# With a very intense light on a black object, will it reflect?

I was wondering about the nature of object's colour. I know that an object get its colour from the absorption of visible electromagnetic radiation, reflecting all the other wavelength. But if we take the case of a black object that absorbs every visible light, I know that photons will be absorbed by some molecules, then will be re-emitted with less energy because some of the energy has been "passed on" the molecule, in which it goes faster, thus, giving us heat. So, if we put a very intense light, does it simply change the amplitude and the object is still black or does the wavelength shift and gives a different result?

My guess would be that no matter the amplitude, the wavelength are the same and thus the black object will still appear black but I want to be sure with, maybe, a more scientific explanation? If you have also links of some sort, I would gladly appreciate it!

• Every material reflects some amount of light. The one that reflects the least is here en.m.wikipedia.org/wiki/Vantablack Oct 20, 2017 at 17:24
• Black isn't a wavelength.
– JMac
Oct 20, 2017 at 17:30
• If it gets very hot, it won't reflect, but will emit blackbody radiation at a certain point. Oct 20, 2017 at 17:54
• @safesphere Woah. Vantablack is creepy looking.
– Chris
Oct 20, 2017 at 20:21

As I understand your question, you are asking about an ideal black body. Keep in mind that such a thing does not exist in nature. But as long as we know we are talking about an ideal, first, the body will never reflect any light. What will happen is that the intense light falling on it will drive up the temperature of the black body, and the light emitted will depend, both in amplitude and wavelength, on that temperature. The more intense the light, the higher the black body temperature will become. The resulting spectrum will become both more intense and more blue, following the standard black body spectrum, which you can read about in many sources.

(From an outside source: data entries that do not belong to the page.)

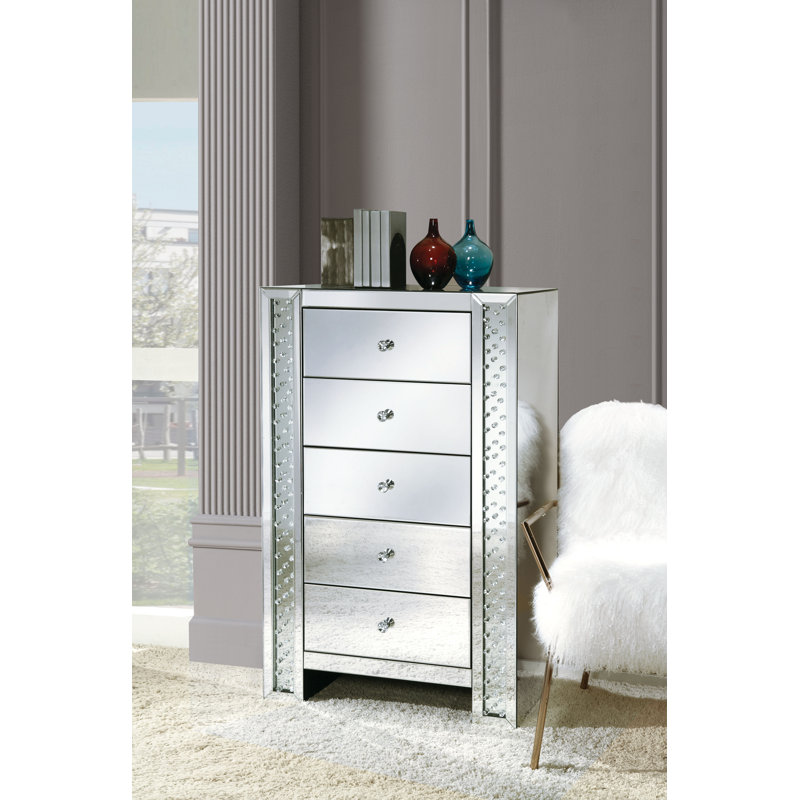 Commode 5 tiroirs Olyn, Miroir / faux cristaux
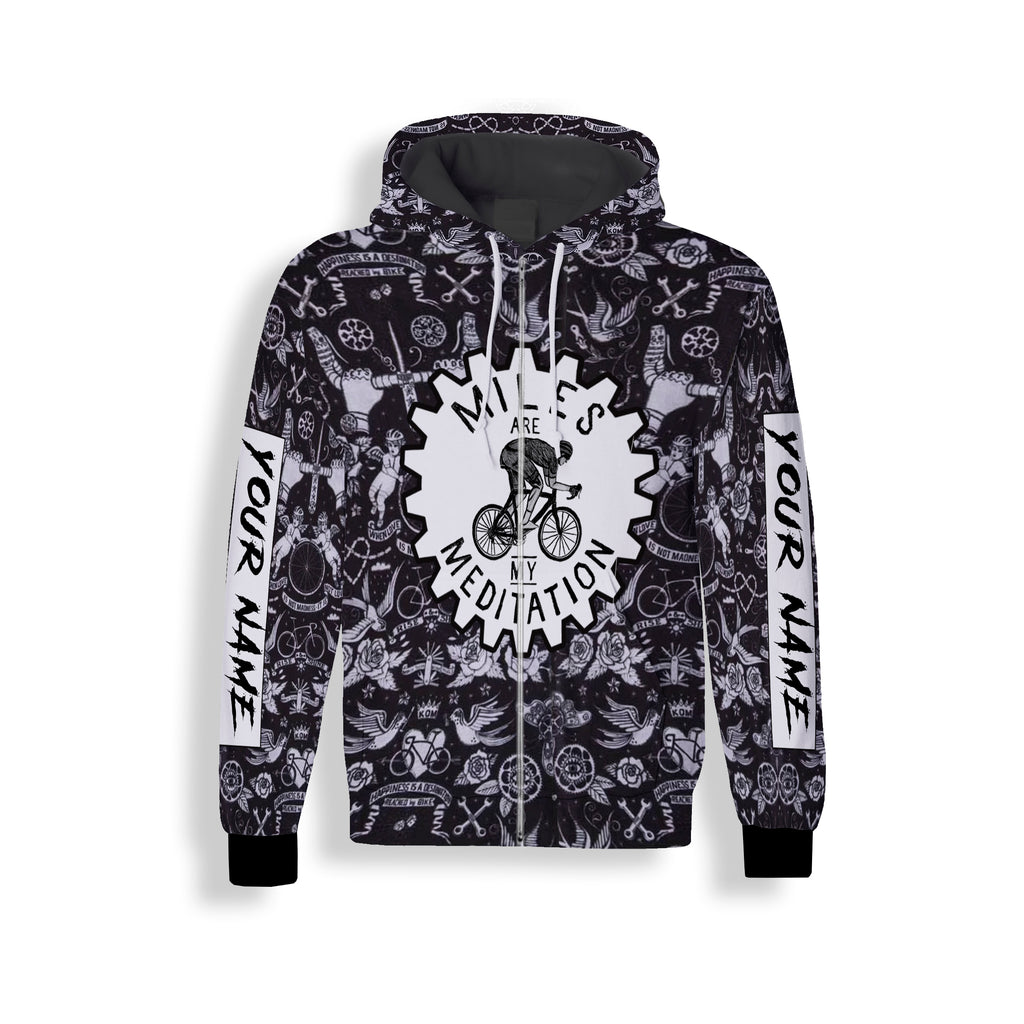 Miles Are My Meditation Zip Up Hoodie, Long Sleeve, Hoodie Personalized Shirts For Men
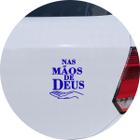 Adesivo de Carro Nas Mãos De Deus - Cor Azul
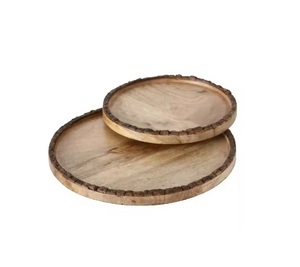 Assiettes Rondes Solides en Bois d'Acacia Naturel Incassable pour Hôtels – Vaisselle de Dîner et Service Pizza/Steak – Vente en Gros - Product Image 4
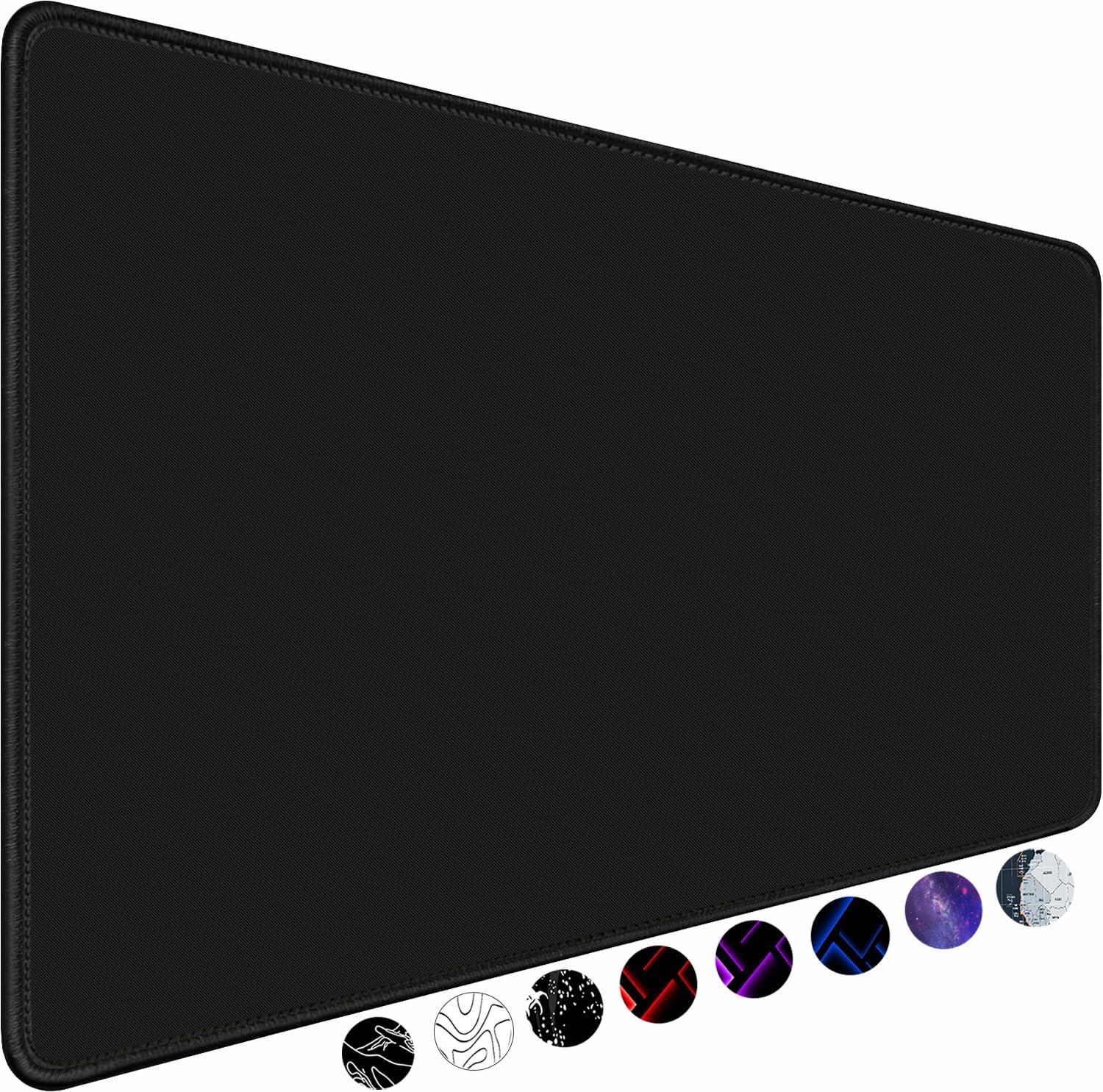Large gaming mouse pad, extra large big mouse pad with stitched edge | mouse pad desk, XXL non-slip black computer long mousepad desk mat for gamer, office & home, black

• Assuming the blackbody has a positive heat capacity. It turns out that adding energy to a star (which is pretty close to an ideal blackbody) actually decreases the temperature.
– Chris
Oct 20, 2017 at 18:41
• @chris Good point. Oct 20, 2017 at 18:43
• @Chris "adding energy to a star [...] decreases the temperature". This seems counterintuitive. Could you please elaborate? Are you referring to Fermi temperature or actual temperature? Oct 20, 2017 at 20:39
• @safesphere I agree! It is counterintuitive. I am referring to the actual surface temperature of the star. This is the case for any gravitationally bound system- the virial theorem implies that increasing the total energy of a gravitationally bound system actually decreases the kinetic energy. And since temperature is proportional to the average kinetic energy, this decreases the temperature of the star.
– Chris
Oct 20, 2017 at 20:50

Yes if it's a perfect black body then it would be black. You should read about https://en.m.wikipedia.org/wiki/Black_body

• This is dubious. Blackbodies don't look black except at low temperatures. If you shine a sufficiently intense light on a blackbody, it will no longer look black.
– Chris
Oct 20, 2017 at 18:45
• The OP said visible light. It wouldn't matter how intense it was it wouldn't raise the temperature of the black body enough to see a difference in visible color. So it would still appear black Oct 20, 2017 at 19:04
• How do you figure? Visible light can have an arbitrarily large intensity, which would heat the blackbody up to an arbitrarily large temperature.
– Chris
Oct 20, 2017 at 19:12
• I don't think so but I could be wrong. The visible light will of course add energy to the black body but it will radiate at low frequencies way before it gets to the visible red frequency range. Oct 20, 2017 at 19:29
• That's definitely wrong. The power radiated by a blackbody is given by $P=\sigma A T^4$, where $A$ is the surface area and $\sigma$ is a constant. If the blackbody has a light of irradiance $I$ shone on it uniformly over it's surface, it will rise in temperature until $\frac{P}{A}=I$, and the temperature it reaches will be $T=\left(\frac{I}{\sigma}\right)^{\left(\frac{1}{4}\right)}$. This formula is unbounded: arbitrarily large light intensities lead to arbitrarily large temperatures.
– Chris
Oct 20, 2017 at 20:19